Tuesday, Sep 2nd, 2014 (3:06 pm) - Score 9,268

The next generation of hybrid-fibre G.fast (aka – FTTC2 / ITU G.9700) and FTTdp broadband technology managed to achieve an aggregate downstream / upstream speed of nearly 720Mbps (Megabits per second) during BTOpenreach’s first UK trial with Huawei, which took place at several homes near the operators Adastral Park engineering HQ in Ipswich (England).

The highly experimental trial, which was announced last year (here) and had been designed to prove the physics of G.fast transmission on an actual copper plant, was the first one to be conducted by BT outside of a lab environment and involved three short copper lines (homes).

Thankfully ISPreview.co.uk has been able to get our hands on an official report from BT’s on-going trial, which reveals quite a lot about its potential capabilities. But the hardware involved is still based off early prototypes, which are most certainly not standards complaint. The first proper kit from Broadcom, Huawei’s HiSilicon, Lantiq and Sckipio isn’t due to surface until the very end of 2014 or early 2015.

What is G.fast?

At present BT’s mass-market Fibre-to-the-Cabinet (FTTC) solution can deliver speeds of up to 80Mbps using 17MHz (radio frequency spectrum), which works by replacing the existing copper cable between street cabinets and your local telephone exchange with a fibre optic line. The final run (between cabinets and homes/offices) is then managed by VDSL2 technology over your existing copper line, which works like ADSL but is faster over short distances (VDSL2 works best at distances of sub-400 metres but it can operate at up to around 2000m with significantly slower speeds).

By comparison G.fast works in a similar way to VDSL2 but it’s been designed for considerably shorter runs of copper cable (ideally below 250m but there may be benefits up to around 400m) and uses 17 – 106MHz (note: the specification allows for potentially even higher frequencies in the future), which means that to work at its best it needs to be paired with a Fibre to the Distribution Point (FTTdp) / Fibre to the Remote Node (FTTRN) style solution (i.e. shortening the run of remaining copper lines by replacing more of it with fibre optic).

In simple terms FTTdp/rN takes the street cabinet out of the equation and instead brings the fibre optic cable all the way to a smaller and low powered ‘remote node’, which could be positioned underground or on a telegraph pole nearer to your home. Note: this isn’t to say that G.fast couldn’t be run from a street cabinet too, but BT also needed to test FTTdp/rN and it makes sense to combine them (note: BT is currently about to trial FTTrN in several larger areas using existing FTTC technology).

fttrn network diagram v1 ispreview edited

Openreach’s G.fast Trial Results

The operators G.fast trial was fed by the Portman Road telephone exchange (Ipswich) via an Integrated Layer 2 Switch with XG-PON1 link to trial DPU and GE connectivity to Adastral.

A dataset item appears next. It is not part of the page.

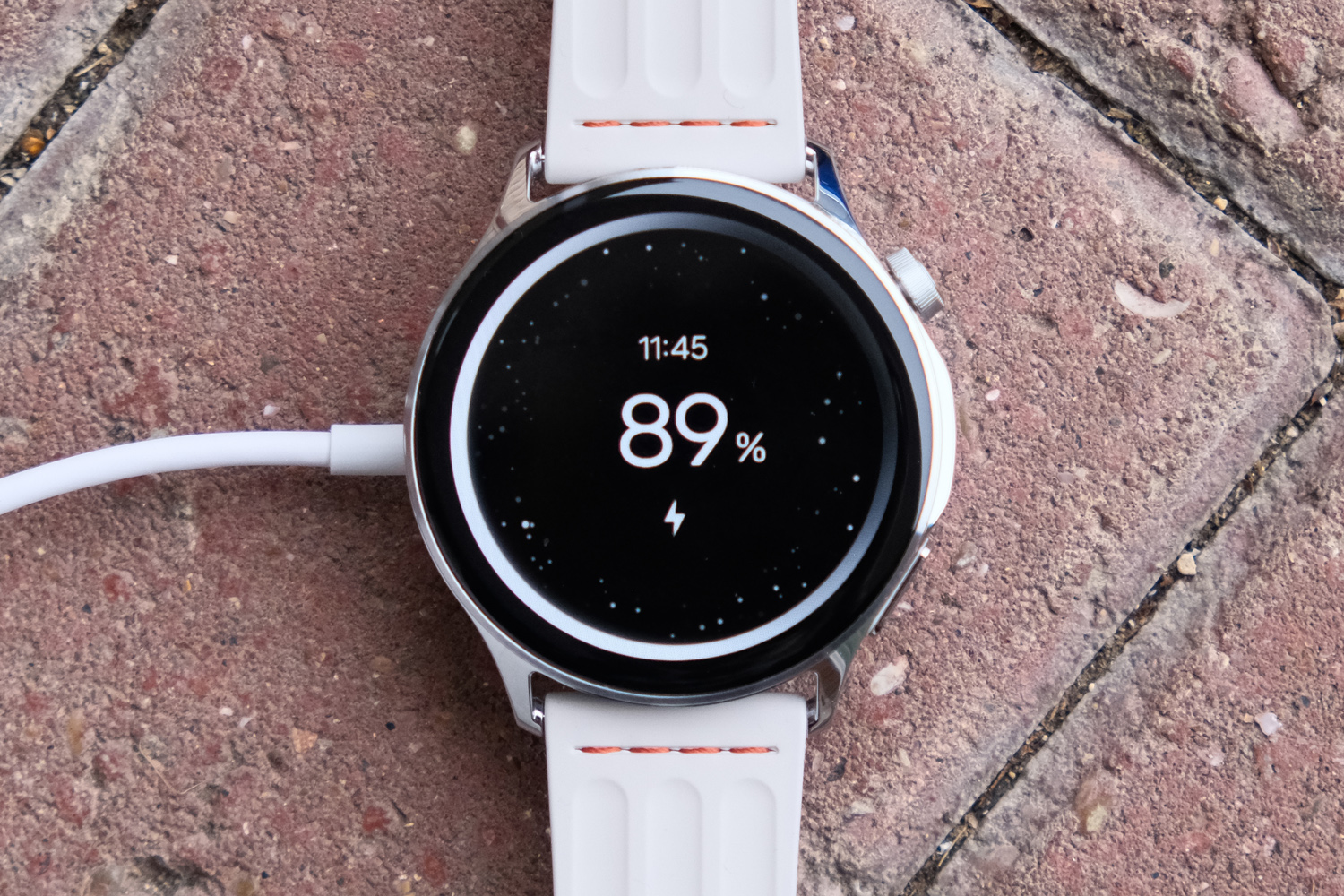 OnePlus Watch Lite review charging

The trial used existing duct structures and distribution point (DP) locations, but created a separate overlay to prevent harm to BT’s existing plant.

Dedicated copper lines, of lengths 19 metres (house 1), 47 metres (house 2) and 66 metres (house 3), were fed into the customer premises where they terminated on the G.fast NTE + end-user hardware (router etc.). Several different frequency plans were tested, both with and without vectoring enabled (this is a technology that’s designed to remove crosstalk interference from the lines).

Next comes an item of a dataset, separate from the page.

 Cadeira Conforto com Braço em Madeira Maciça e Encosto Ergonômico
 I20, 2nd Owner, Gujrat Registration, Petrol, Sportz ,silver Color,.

The performance returned was extremely impressive, as can be seen below, albeit not yet representative of a larger real-world environment using final hardware.

gfast_uk_bt-trial_report_1_ispreview

It’s worth noting that BT sees upstream speeds as a way to differentiate themselves from Virgin Media’s cable platform, which often dominate in terms of download performance but not uploads (here). G.fast appears to be a good fit for that approach because it can deliver significant benefits to both the upstream and downstream side, provided you live close enough (note: most premises reside within around 400m of their nearest street cabinet / dp).

The report also took a closer look at the 3rd home on the longest 66 metre line to gauge how performance changed between the different frequency plans and vectoring (note: we anticipate that g.fast will be deployed with vectoring enabled by default).

gfast_uk_bt-trial_report_2_ispreview

Overall BT considers that the first, if admittedly extremely small, field trial was broadly successful and has “significant potential“. Indeed some sources hint that they may even jump the plan to roll-out Vectoring on existing FTTC lines and skip right to G.fast, although we have yet to see any firm proof of this.

It should be separately noted that the Phase 2 FTTC Vectoring trials are already underway. In any case G.fast is still some years from a full commercial deployment (maybe starting in the 2016-18 window for the UK), assuming it happens at all.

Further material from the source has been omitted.